I know the definition for a positive definite matrix is that x'Ax >= 0 for all x (but does "x" herein refer to the eigenvectors?). I've spent many hours on trying to figure this out, but I don't really grasp the idea of how to get started here.. 
Would greatly appreciate help!! 
Best, Matthias 
 A: The statement is incorrect. For instance, consider the matrix
$$A = \begin{bmatrix} 1 & -100\\ 0 & 2\end{bmatrix}$$ The eigenvalues are $1$ and $2$. However, the matrix is not positive definite. For instance,
$$\begin{bmatrix} 1 & 1\end{bmatrix} \begin{bmatrix} 1 & -100\\ 0 & 2\end{bmatrix} \begin{bmatrix} 1 \\ 1\end{bmatrix} = \begin{bmatrix} 1 & 1\end{bmatrix} \begin{bmatrix} -99 \\ 2\end{bmatrix} = -97 < 0$$
The statement is true if the matrix $A$ is symmetric and diagonalizable.
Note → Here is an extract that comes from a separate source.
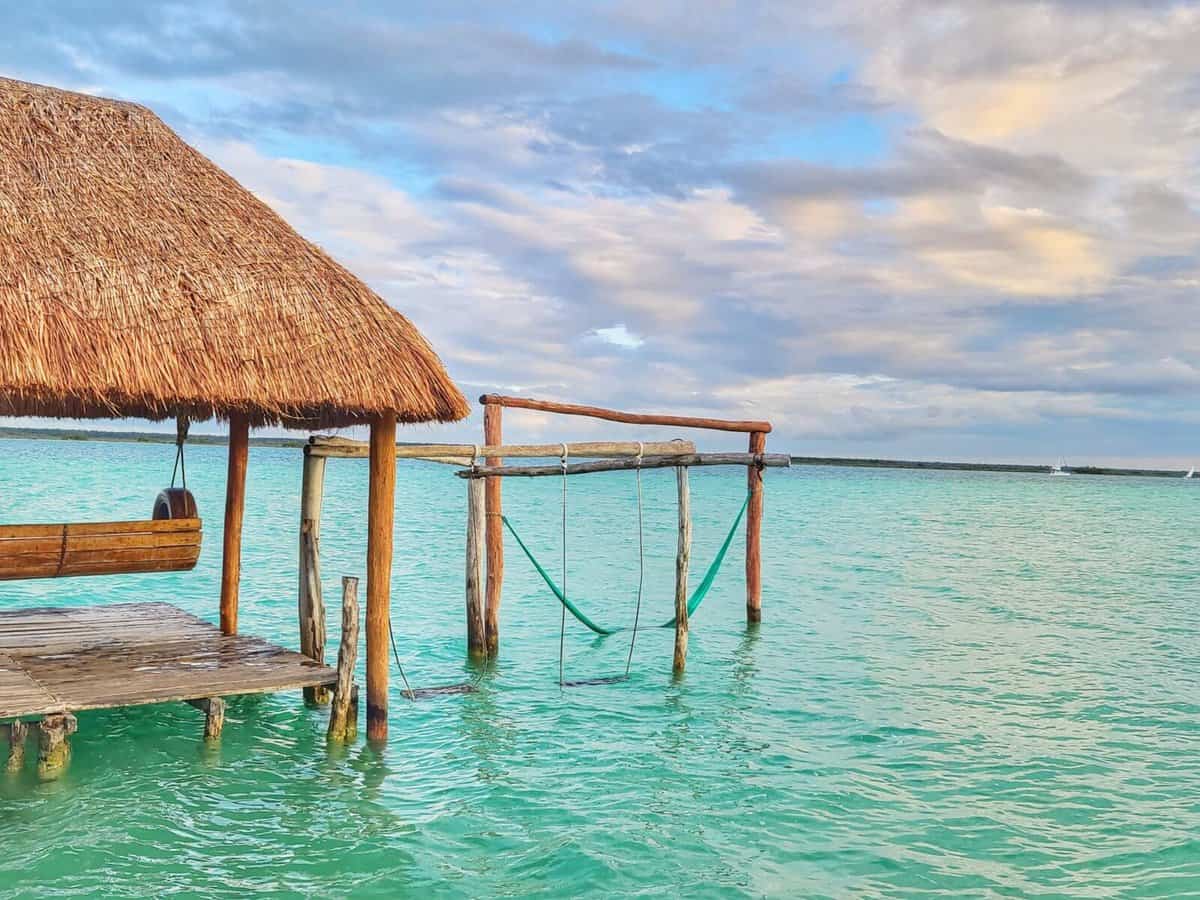 Bacalar Laguna Restaurant A wooden dock with a thatched roof and a swing over the clear turquoise waters of Bacalar Lagoon in Quintana Roo, Mexico.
However, the following statement is always true: "If the matrix is positive definite and symmetric, then all its eigenvalues are positive."
A: Usually one speaks of positive definite matrices for the class of symmetric (or more generally Hermitian) matrices. The statement indeed follows easily if you assume that $A$ can be diagonalized by a orthogonal matrix $V$ ( I.e. such that $V^T V = V V^T = I$  ) which happens to be always possible if the matrix is symmetric. Then, assuming you have $A= V^T D V$ with $D$ diagonal with $D_{j,j}\geq 0$
$$
x^T A x = x^T V^T D V x
$$
And the last expression is the norm square of the vector $\sqrt{D} V x $ and so is positive for any $x$.
I denoted with $X^T$ the transpose of $X$.
A: Positive (negative) definite matrices are defined for symmetric ones, so assuming this your matrix is positive definite iff all its eigenvalues are positive. No need to mention diagonalization as any (complex or real) symmetric matrix is diagonalizable (even orthogonally so).